Joe Fleming provides an overview of the cause and treatment of snapping hip syndrome.
Suppose you hear an audible snapping sound when you flex or extend your hip. In that case, you may be dealing with snapping hip syndrome, a condition symptomatic of an underlying musculoskeletal injury to the soft tissues in or around the hip. Do not miss this essential injury guide to snapping hip syndrome, also known as coxa saltans, with tips for treating and preventing it.
Anatomy of the Hip Joint
The pelvis and thigh bone join to form the hip, the largest weight-bearing joint in the body. As a ball and socket joint, the hip forms the junction at which the ball of the femur (thigh bone) comes to rest inside the deep, circular sockets on either side of the pelvis, essentially connecting the legs to the rest of the body.
The joint capsule located here is known as the acetabulum; it, along with a series of muscles, ligaments, and tendons holds the joint together and provides stability to the hip and legs. Damage to any range of the bones, muscles, tendons, ligaments, cartilage, nerves, or blood vessels in and around the hip can lead to cascading issues in the groin, knees, and legs. Read more here.
What Causes Snapping Hip Syndrome?
Often mistaken for the hip joint coming out of the socket, snapping hip syndrome is more a result of joint damage inside the hip itself or to the muscles and tendons surrounding it.
IT Band Syndrome
One of the most common causes of snapping hip syndrome is an inflamed iliotibial band snapping over a bony prominence on the outside of the hip known as the greater trochanter. The iliotibial band, or IT band, is a wide, fibrous tendon that runs along the outside of the leg from the hip down to the knee. When it becomes irritated and inflamed from overuse, an injury known as IT band syndrome occurs.
IT band syndrome can result in both snapping hip syndrome as well as knee pain when the IT band does the same thing but over the lower part of the thigh bone.

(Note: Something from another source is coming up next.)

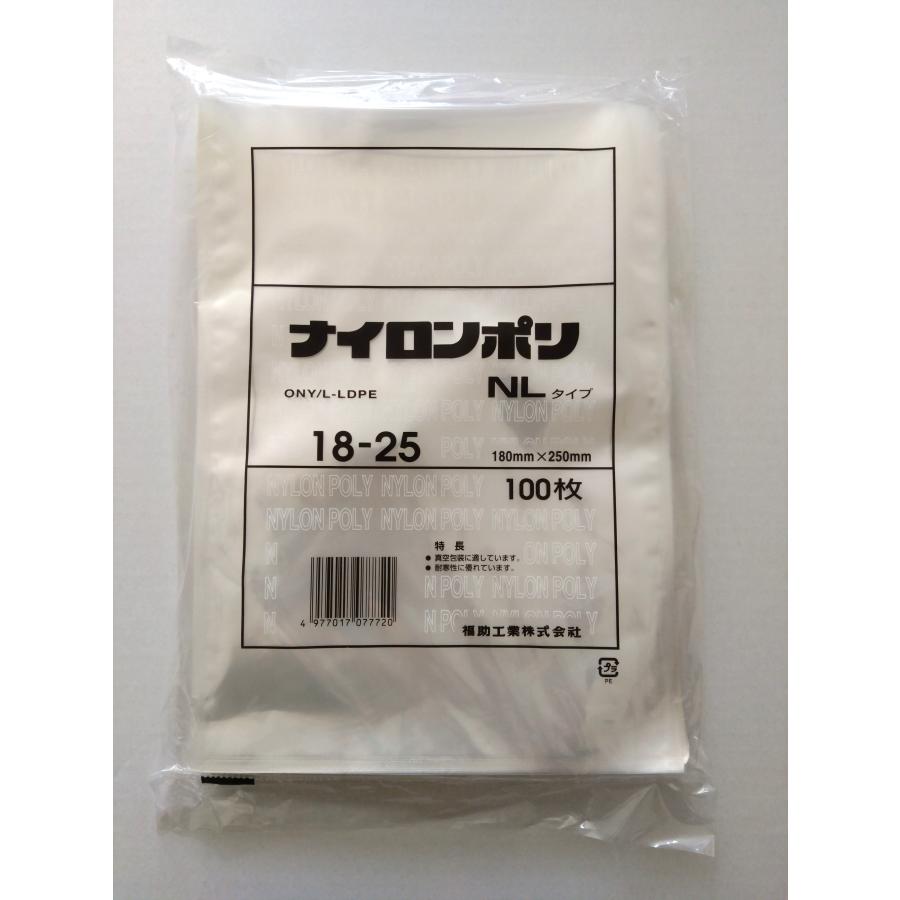 福助工業 2400枚 ナイロンポリ袋 NLタイプ 18-25 180×250mm (100枚入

The same tense snapping can also happen with the gluteus maximus muscle rubbing over the greater trochanter. These two instances are referred to as external snapping hip syndrome or extra-articular snapping syndrome because of how they occur on the outside of the hip.
Hip Labral Tear
The final cause of snapping hip has nothing to do with slipping muscles and tendons like the first two. Instead, intra-articular snapping hip originates on the inside of the hip joint and may be caused by torn cartilage or even loose debris in the socket.
This is the least common cause of snapping hip syndrome because it involves the very cartilage that lines the hip joint tearing, flapping down, and catching in the joint during hip movement. An injury or underlying problem like a structural abnormality with the hip joint itself is usually at work in these cases.
Symptoms of hip labral tears include locking or catching sensation in the hip joint, stiffness, limited range of motion, and pain in the groin or hip.
Risk Factors and Complications
A variety of athletes are more prone to developing snapping hip syndrome than others, including ballet dancers which is why the condition is sometimes referred to as "dancer's hip." Gymnasts, rowers, ice hockey players, golfers, short-distance runners, and soccer players may also develop it more than other athletes.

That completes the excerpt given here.